[serval-project-dev] Architecture questions

Paul Gardner-Stephen paul at servalproject.org
Sun Nov 27 01:28:14 PST 2011


Hello,

On Sun, Nov 27, 2011 at 6:21 PM, Ben Hughes <ben at benrhughes.com> wrote:
> This is my basic understanding of the Serval architecture, please let me
> know if it's misguided:
>
> - BATMAN is the underlying protocol that is used to connect nodes on the
> mesh

Correct at present.  Ultimately DNA will include it's own custom mesh
routing protocol that drives an overlay mesh so that operating system
cooperation is not required, thus maximising portability.  It will
also support asynchronous and highly partitioned mesh networks.

> - DNA is a layer on top of batman that lets you use claimed numbers (and a
> public/private key pair) to identify nodes on the batman mesh

Yes.

> - when you make a mesh call, DNA resolves the number to a batman ip, and
> then attempts to establish a SIP connection (via asterix) to that address

That is right for now.  The overlay mesh will change things a bit, but
DNA will still do phone number to address resolution, it is just that
the addresses will be 256 bit public keys instead of IPv4 based SIP
addresses.  SIP will go by the way side as well, to be replaced by
something more suited to lossy wireless meshes.

> I know that there's more to it than that (social verification of claimed
> numbers, bridging networks, DID etc) but is that basically correct?
>
> If so, batman seems as though it's a vital (and complex) component in the
> stack. And from what I can tell, it seems pretty tied to *nix.

It is pretty tied to posix, not unix.  Windows and practically every
other operating system supports most of posix.
There will be some OS specific code.

> If I'm looking to port DNA to WP7, do I first need to port batman?
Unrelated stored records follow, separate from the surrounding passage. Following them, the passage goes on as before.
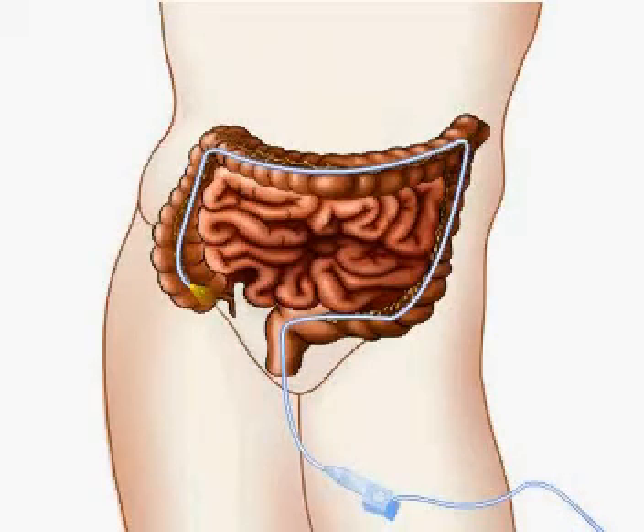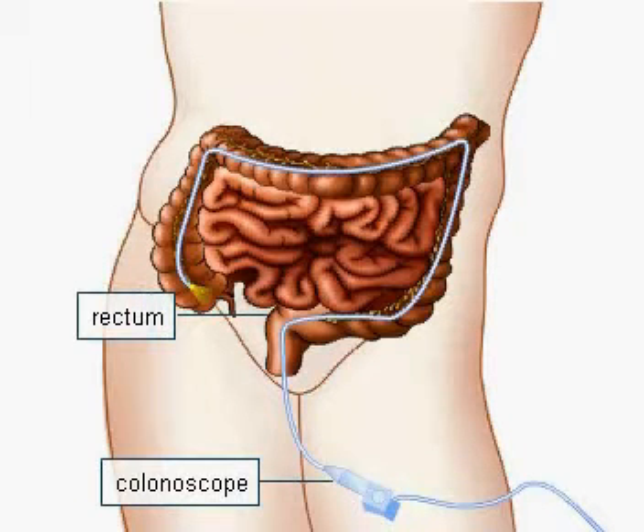A colonoscopy allows a doctor to look inside the whole of the large intestine. It is performed by inserting a flexible fiber optic tube called a colonoscope into the rectum and slowly guiding it into the colon.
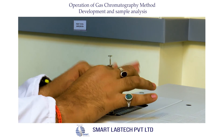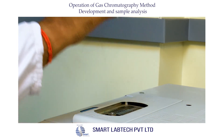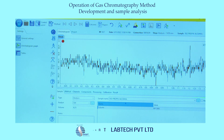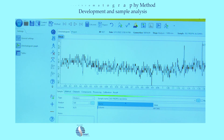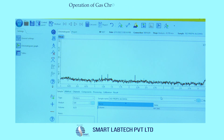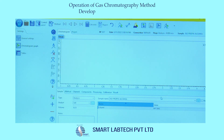Inject the sample quickly into the injector port and press the Start button (number 1). After injecting the sample, the software starts recording the chromatogram. Watch the IPA peak elution in the chromatogram and wait until the run time is over.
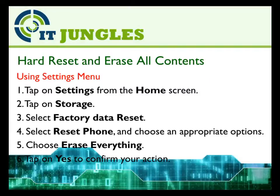Now if you want to erase all the contents on your device — this includes contacts, emails, music files, and any other data files — then try this. Tap on Settings from the home screen, then tap on Storage. Select Factory Data Reset, then select Reset Phone and choose the appropriate options. Choose Erase Everything, then finally tap Yes to confirm your action.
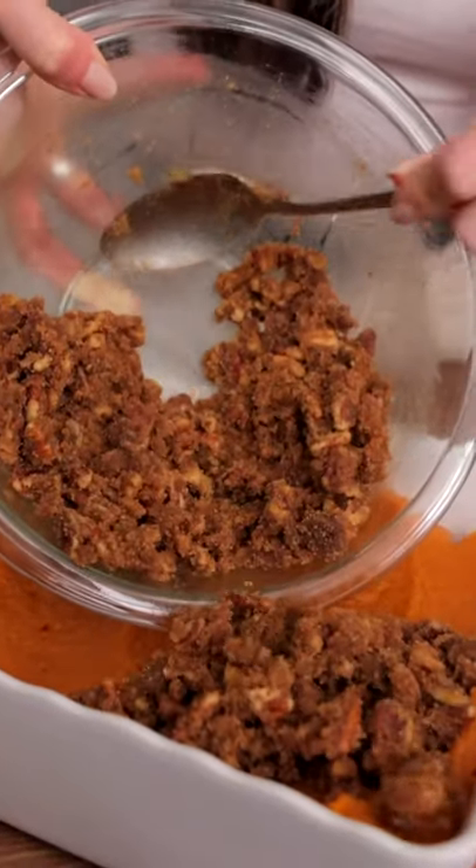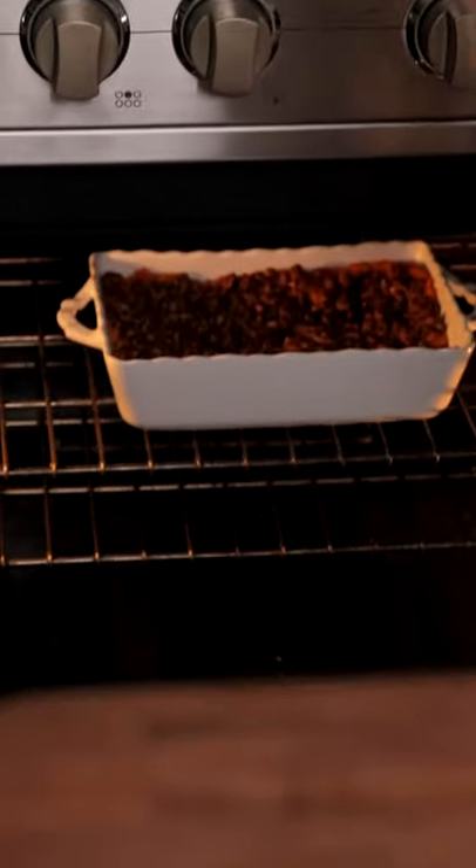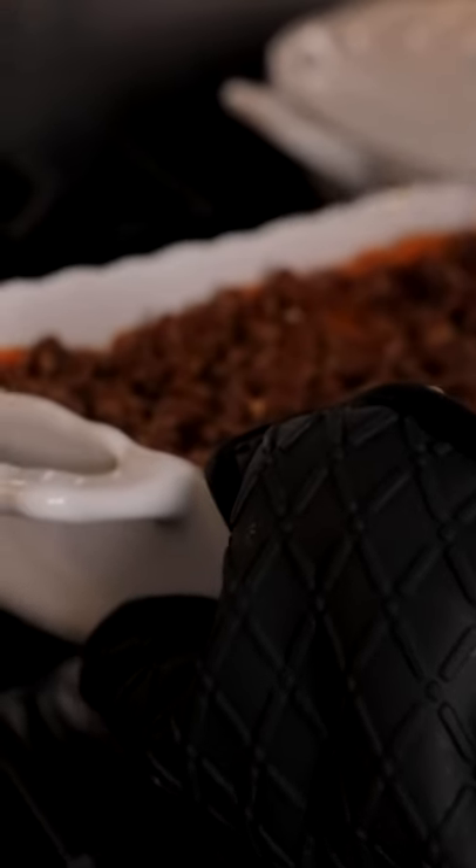Now we're going to add our mixture into a greased pan with our topping, and then we're going to be baking it at 350 for 30 to 40 minutes.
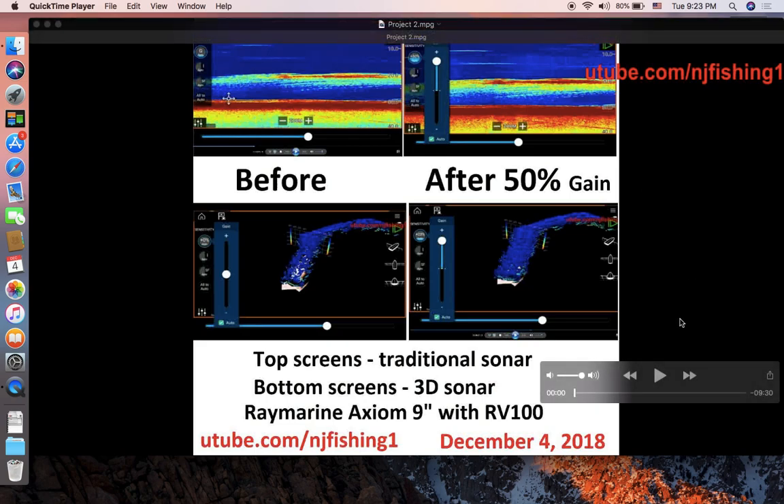The top two screens are for traditional sonar and the bottom two screens are for the 3D Fish Finder. What I don't understand is — I thought when I took this Fish Finder out at Chesapeake Bay, I did a 360-degree turn so the calibration should have been done on that last trip. But these two 3D images show that my 3D Fish Finder was not calibrated, so I don't know what's going on there. Anyway, the top screens are traditional sonar and the bottom screens are 3D sonar — it's a Raymarine 9-inch Fish Finder with RealVision 100, so it's a 3D sonar.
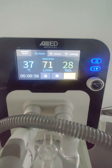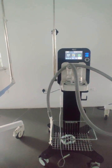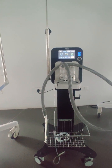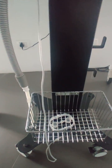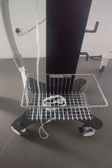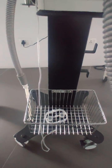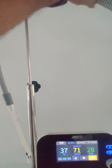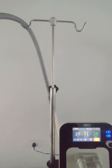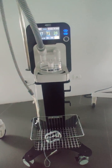The HFT device is supplied with a trolley as a standard accessory. The trolley has four wheels, with brakes on the two front wheels. It includes a basket for storing accessories related to the HFT device, and a circuit arm for mounting the breathing circuit. This trolley is supplied as standard with the HFT machine.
Or put
> another way: is there any value in a batman-less DNA?

You do not need to first port BATMAN to produce something of value.
In the long term, Serval will be based on the increasingly pluripotent
Serval DNA daemon (which will probably get a rename from dna to
servald or similar at some point), that will handle everything, and
just need hooks to the audio and network channels on the host device.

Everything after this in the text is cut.